Após a nomeação da procuradora, começaram as especulações sobre a linha de atuação da nova integrante do Ministério Público para manter a operação e, ao mesmo tempo, atenuar os petardos que chegam a quem assume esta posição de vidraça. Antes de ser eleita, no entanto, ela já havia assumido alguns compromissos. “Os atuais membros da Força-Tarefa da Lava Jato de Curitiba, Porto Alegre, Rio de Janeiro, São Paulo, Brasília e outras forças-tarefas serão encorajados a permanecer, vez que a composição de cada FT é escolhida pelo promotor natural, titular do ofício, e assim deve continuar”, tratou de esclarecer, em um hot site criado por ela, para fazer campanha por sua eleição ao cargo de procuradora.
Os juristas ouvidos pela reportagem afirmam que no Brasil de hoje não há mais lugar para um “engavetador-geral da República”, apelido pejorativo dado a Geraldo Brindeiro, que ocupou a chefia do Ministério Público Federal nos anos noventa. O rótulo colou pois ele não levava investigações adiante, trancando-as na gaveta. “Alguém nesse perfil será massacrado! A população brasileira está de prontidão”, diz Eliana Calmon. Por outro lado, era preciso evitar alguém com um perfil de “falador-geral”, menção feita por alguns ao atual procurador-geral. “Não é papel do PGR criar esse clima de guerra e enfrentamento com as outras instituições”, diz Ali Mazloum.

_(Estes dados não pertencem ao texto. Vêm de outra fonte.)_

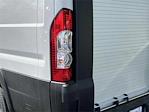 New 2024 Ram ProMaster 3500 Super High Roof Empty Cargo Van for sale #2445064 - photo 10
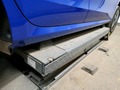Detailfoto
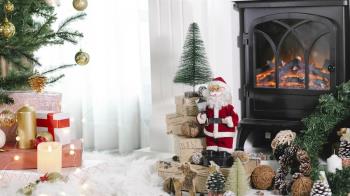 Todos los comercios locales de la ciudad pueden adherirse a esta iniciativa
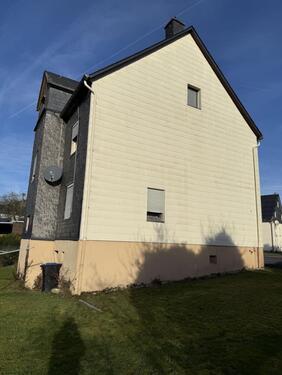 Foto - 6 Zimmer Einfamilienhaus in Morbach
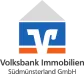 Logo von Volksbank Immobilien Südmünsterland GmbH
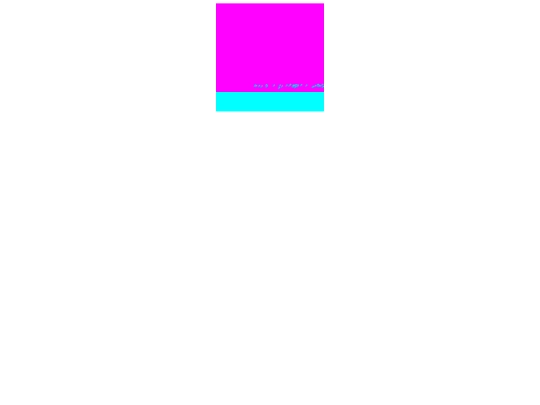zoo/fish screenshot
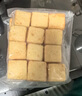TRF 泰國(guó)進(jìn)口 鮮蝦吐司 840克 鮮蝦吐司 840g 曬單實(shí)拍圖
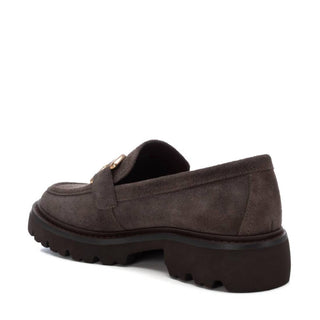 Xti - Women's Leather Moccasins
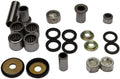 All Balls Racing 00-03 Yamaha TTR125 Drum Brake Linkage Bearing Kit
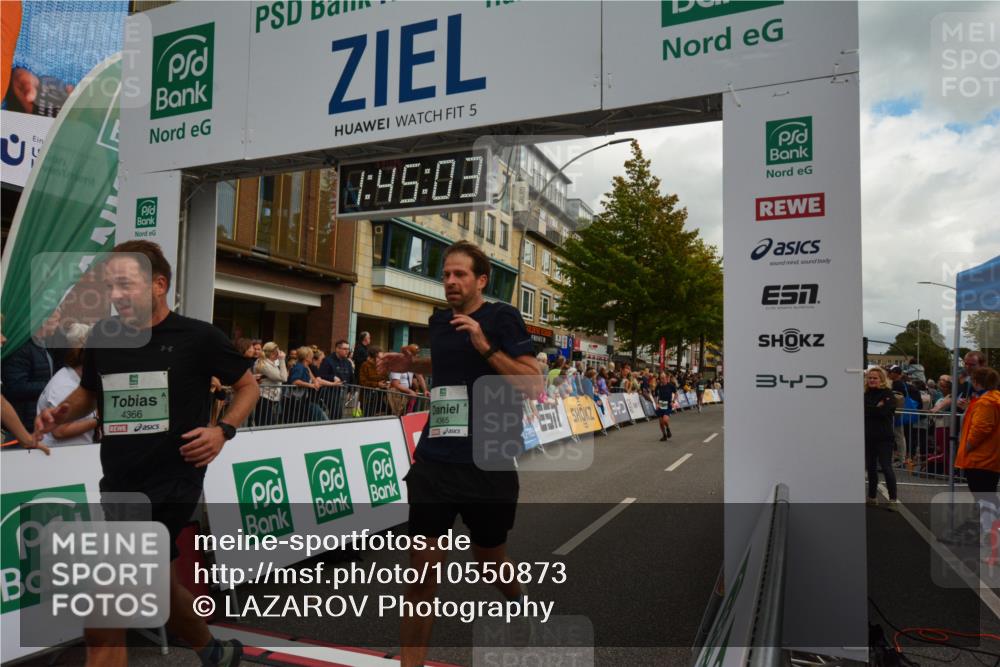 20.09.2026 - PSD Bank Halbmarathon LAZAROV Photography http://msf.ph/oto/10550873 20.09.2026 11:45:03 Ziel 1159, 1430, 1547, 2300, 2677, 2928, 2959, 3861, 3913, 3981, 4365, 4366 meine-sportfotos.de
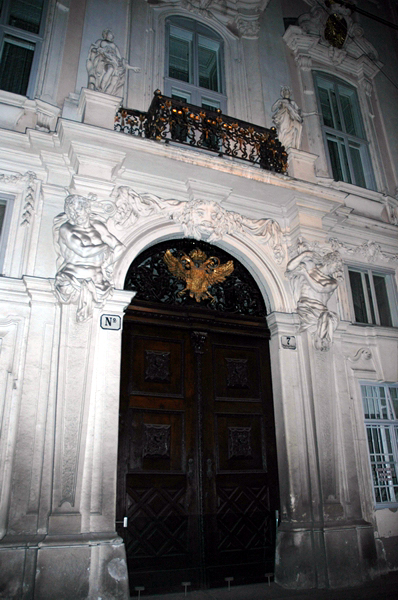 wn_406.jpg [276010 bytes]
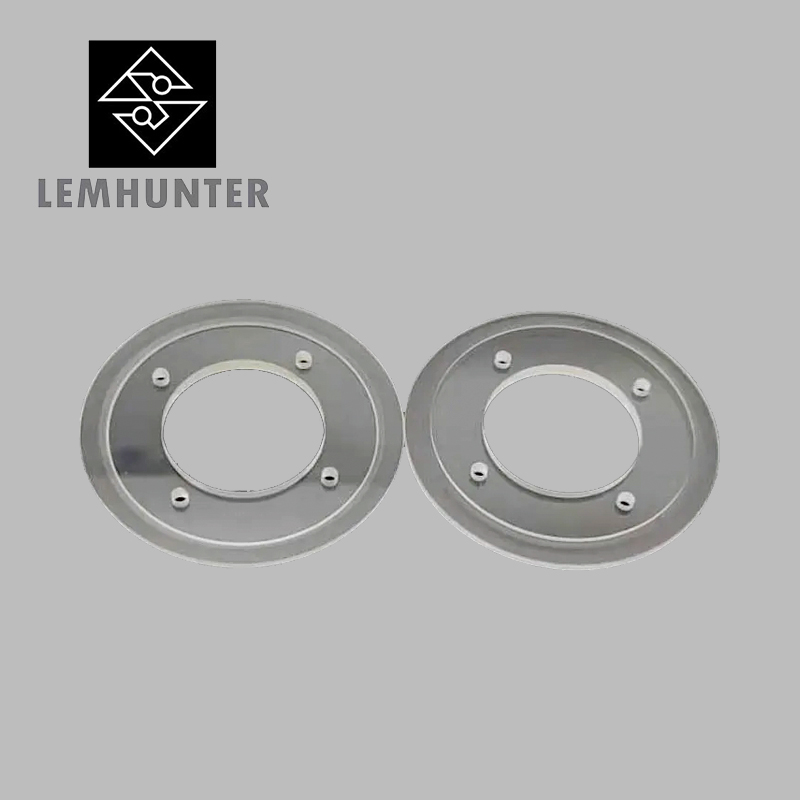 A290-8119-X361 Fanuc Wire Cutting EDM Plastic Transparent Ring 1.jpg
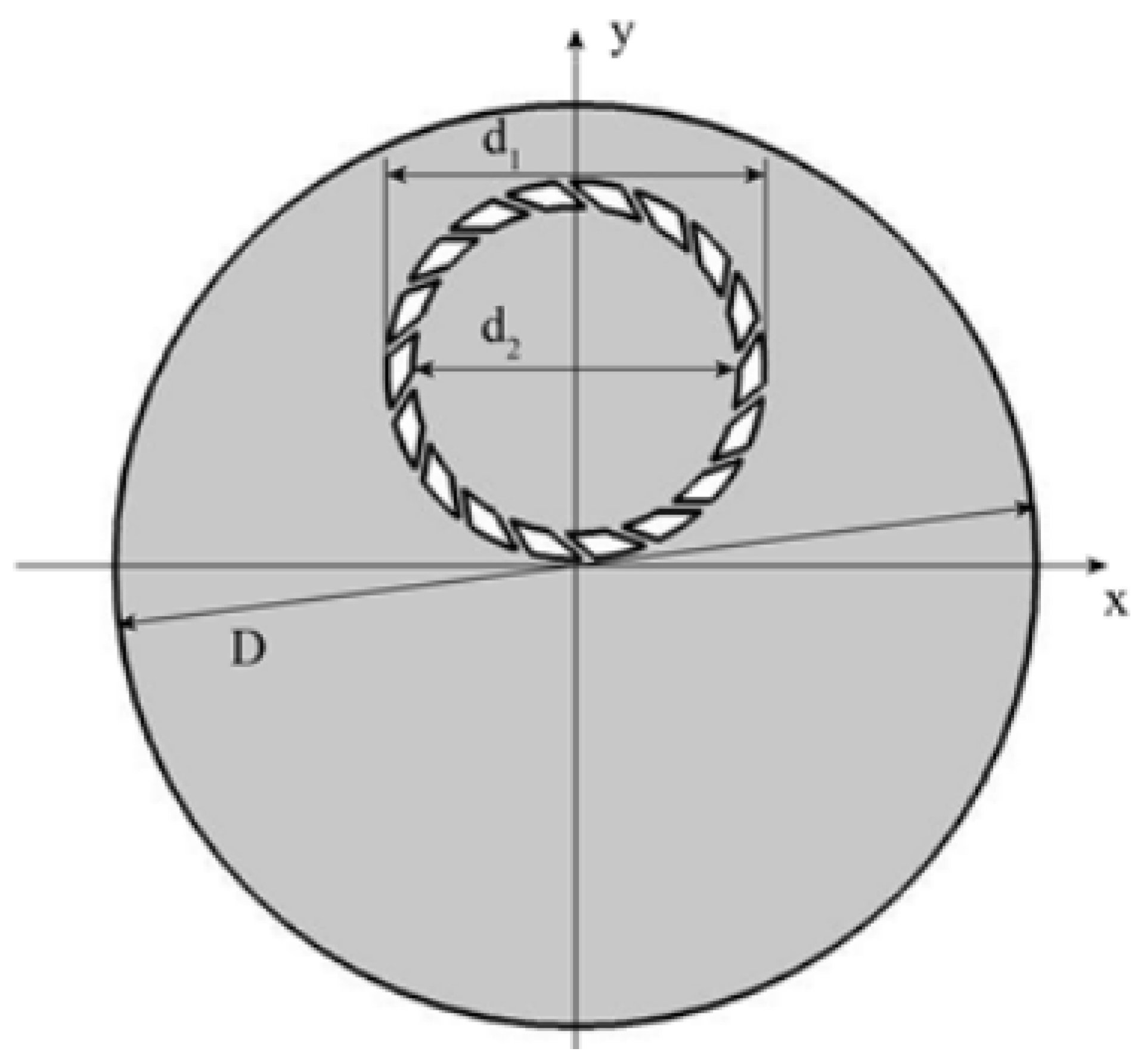 Materials 16 00062 g004 Materials 16 00062 g004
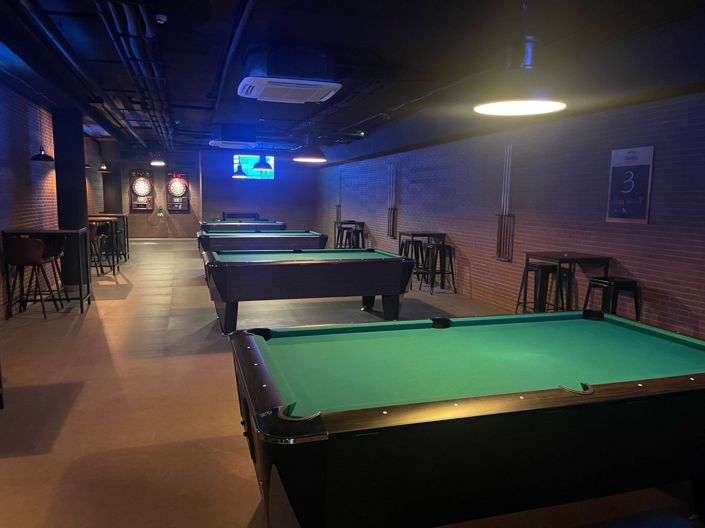 Image No.18-2 Bed Apartment for sale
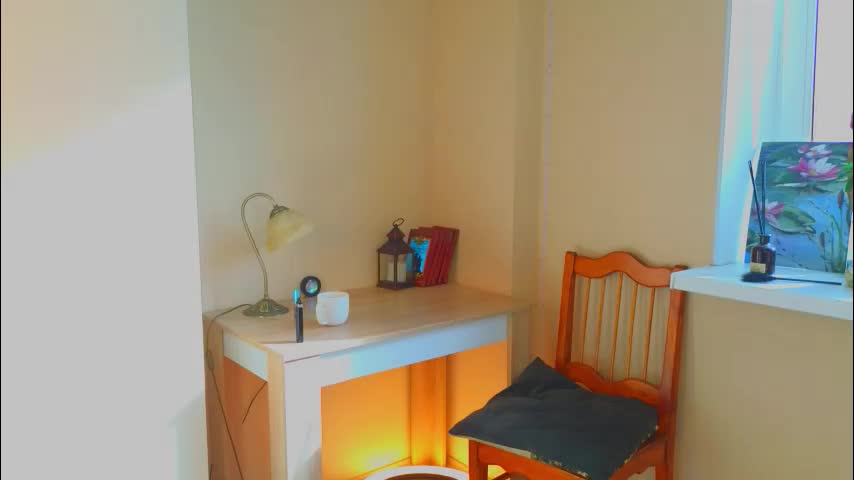 gladyshankins Cam Model Chat September 30, 2025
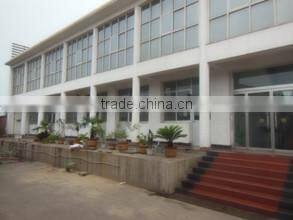 Tangshan Junqiao Hardware Tools Manufacture Co., Ltd. company overview - view 1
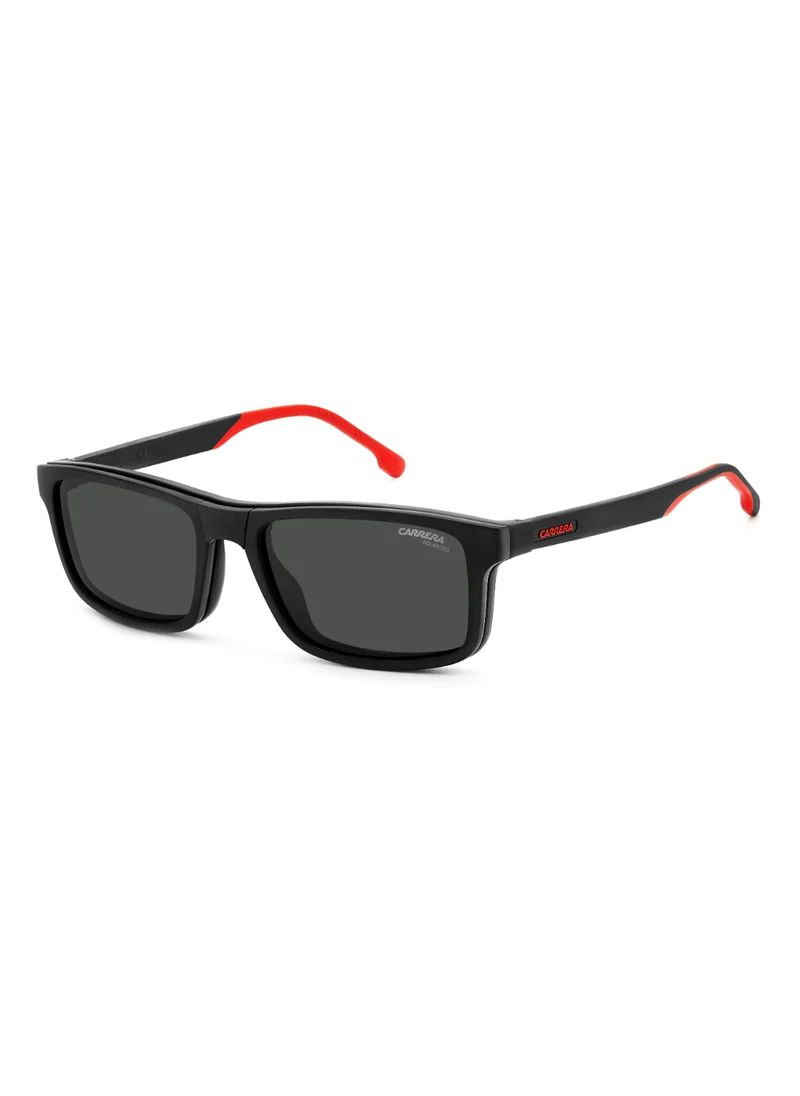 Carrera RECTANGULAR CARRERA Sunglasses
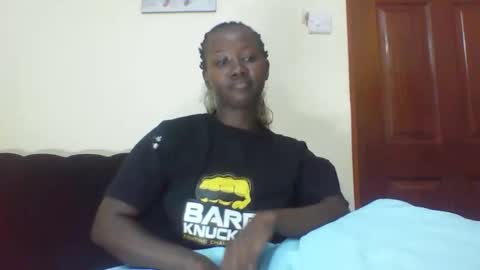 sexypamm online show from March 27, 6:18 pm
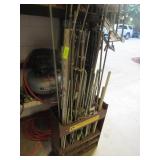 THREADED ROD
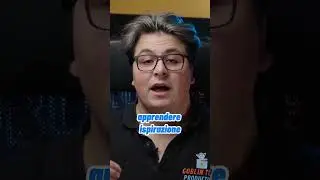 🎥IO EDITO TU CRESCI🔥#shorts #vlog #contentcreator #youtubers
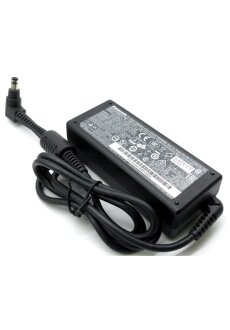 Panasonic Netzteil CF-AA6373A M1 16V 3.75A 65W f&uuml;r Toughbook CF-53 CF-54 CF-19 &ndash; Neu mit Stromkabel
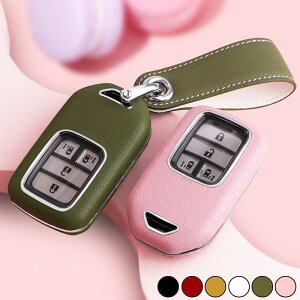  ontto z_ X}[gL[P[X L[Jo[ L[z_[ IV }JJ[ {v Honda F[ tBbg WFCh S660 Vg CR-Z VrbN typeRɓKp RL[P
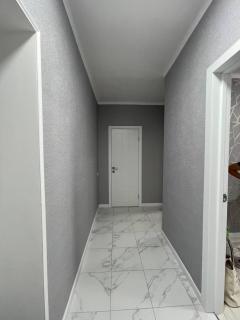 Уютные апартаменты в ЖК Молодежный - Promyshlennyy - 5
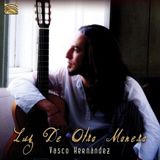 VascoHernandez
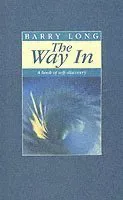 Way in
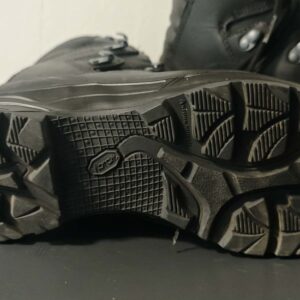 BUTY HAIX UK6,5 EU40 STAN BARDZO DOBRY - obrazek 3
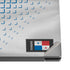 Panama Soccer Flag Dell XPS Skin
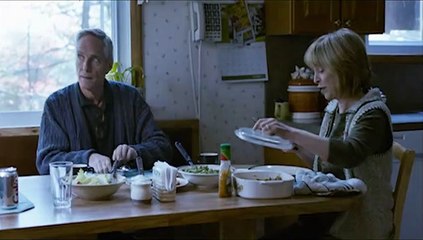 Young Adult Trailer OV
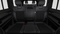 2027 Jeep Grand Cherokee GRAND CHEROKEE L LAREDO ALTITUDE 4X4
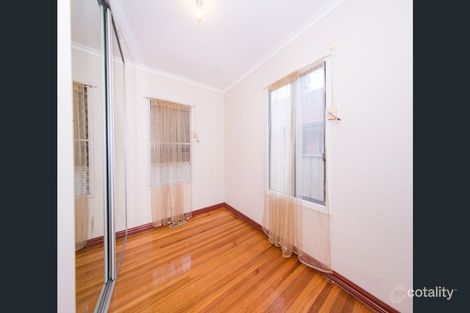 Property photo of 13 Keith Crescent Broadmeadows VIC 3047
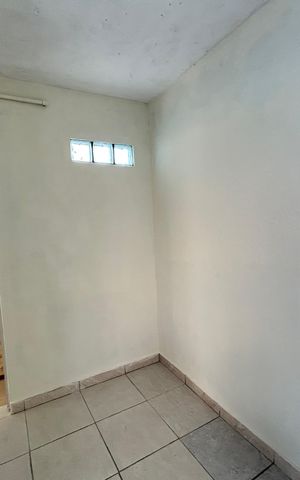 Casa para alugar com 85m², 2 quartos e sem vagaQuarto 2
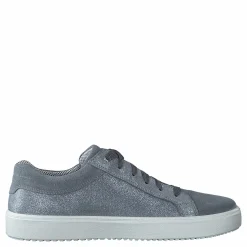 Barn Superfit Heaven Grey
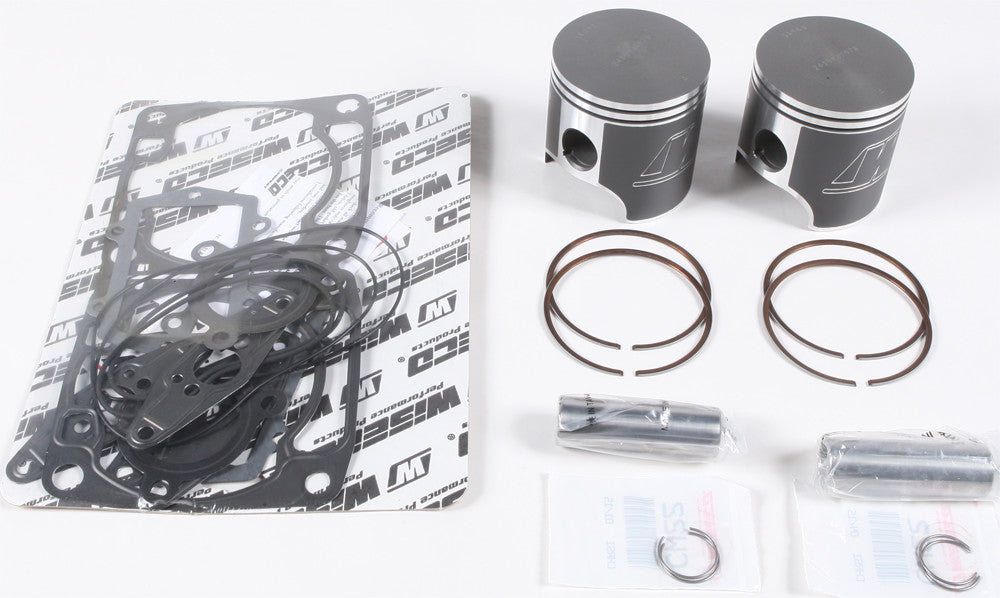 WISECO Standard Bore Piston Kit SK1328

André Bezerra, juiz de direito e membro da Associação de Juízes para a Democracia afirma que “a atuação do chefe do MPF reflete a atuação da base”. “Eu espero que, com base nisso, o próximo procurador-geral mantenha esse alinhamento”, diz o magistrado, crítico de alguns dos métodos usados pela Lava Jato com o aval de Janot, como as prisões preventivas por tempo indeterminado e os afastamentos de parlamentares de seu mandato. “Tenho restrições a isso, o Judiciário tirar ou suspender o mandato de parlamentares é algo bastante complicado do ponto de vista democrático”. No final de 2015 Janot pediu o afastamento do então presidente da Câmara, Eduardo Cunha (PMDB-RJ). A solicitação foi aceita pelo STF em maio de 2016.